A peculiarity in multi-agent environments is that agents are rewarded much later than they take their action, that is, an agent receives its reward along with the observation to take its next action. This means that we cannot use present information but need to work with past state. This is why below, several variables are prefixed with a prev for ‘previous’, referring to when the agent was active last.

Useful Variables and Functions available to RewardFunction

What follows is a list of useful attributes accessible to the RewardFunction that will help for reward shaping. In the list, self refers to the RewardFunction instance.

Please see the respective docstrings for a detailed description of each of these. Docstrings for variables are triple-quoted strings below them.
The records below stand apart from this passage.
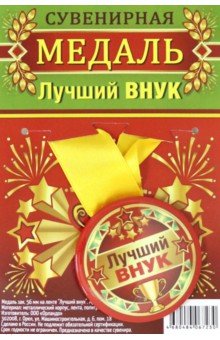 Zakazat.ru: Медаль закатная 56 мм на ленте Лучший внук.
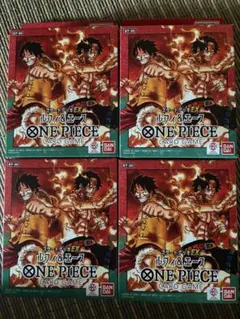 未開封 ワンピースカードゲーム スタートデッキEX「ルフィ&エース」3個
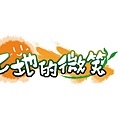 土地的微笑LOGO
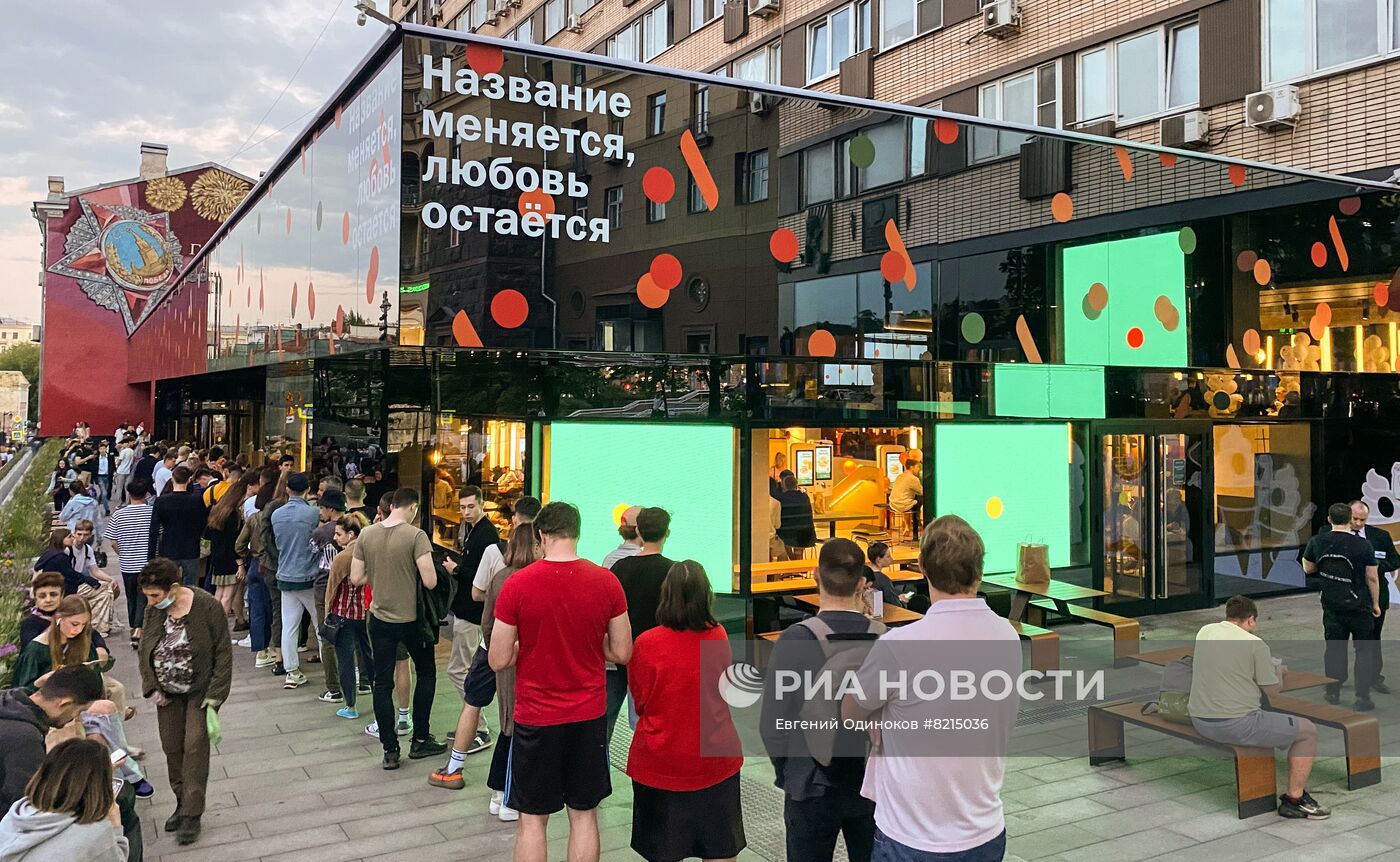 Ресторан "Вкусно - и точка" на Тверском бульваре в Москве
  • Find attributes beginning with self.env in the file hearts_gym/envs/hearts_env.py under HeartsEnv.

  • Find attributes beginning with self.game in the file hearts_gym/envs/hearts_game.py under HeartsGame.

Attribute

Summary

self.game.num_players

Number of players.

self.game.deck_size

Number of cards in the deck.

self.game.prev_hands

Cards in hands; use player index for retrieval.

self.game.prev_played_cards

Cards actively played; use player index for retrieval.

self.game.prev_table_cards

Cards on the table.

self.game.prev_collected

All cards collected; use player index for retrieval.

self.game.collected

All cards collected after the action; use player index for retrieval.

self.game.penalties

Penalty scores; use player index for retrieval.

self.game.prev_was_illegals

Wether actions were illegal; use player index for retrieval.

self.game.prev_states

Card state vector; use player index for retrieval.

self.game.prev_was_first_trick

Wether it is the first trick of the game.

self.game.prev_leading_hearts_allowed

Wether leading with hearts is allowed; use player index for retrieval.

self.game.prev_leading_suit

Leading suit.

self.game.prev_leading_player_index

Index of the player that lead the trick.

self.game.prev_trick_winner_index

Index of the player that won the trick.

self.game.prev_trick_penalty

Trick penalty.

self.game.get_penalty

Return the penalty score of a given card.

self.game.has_penalty

Return whether the given card has a penalty score greater than zero.

self.game.has_shot_the_moon

Return whether the given player shot the moon.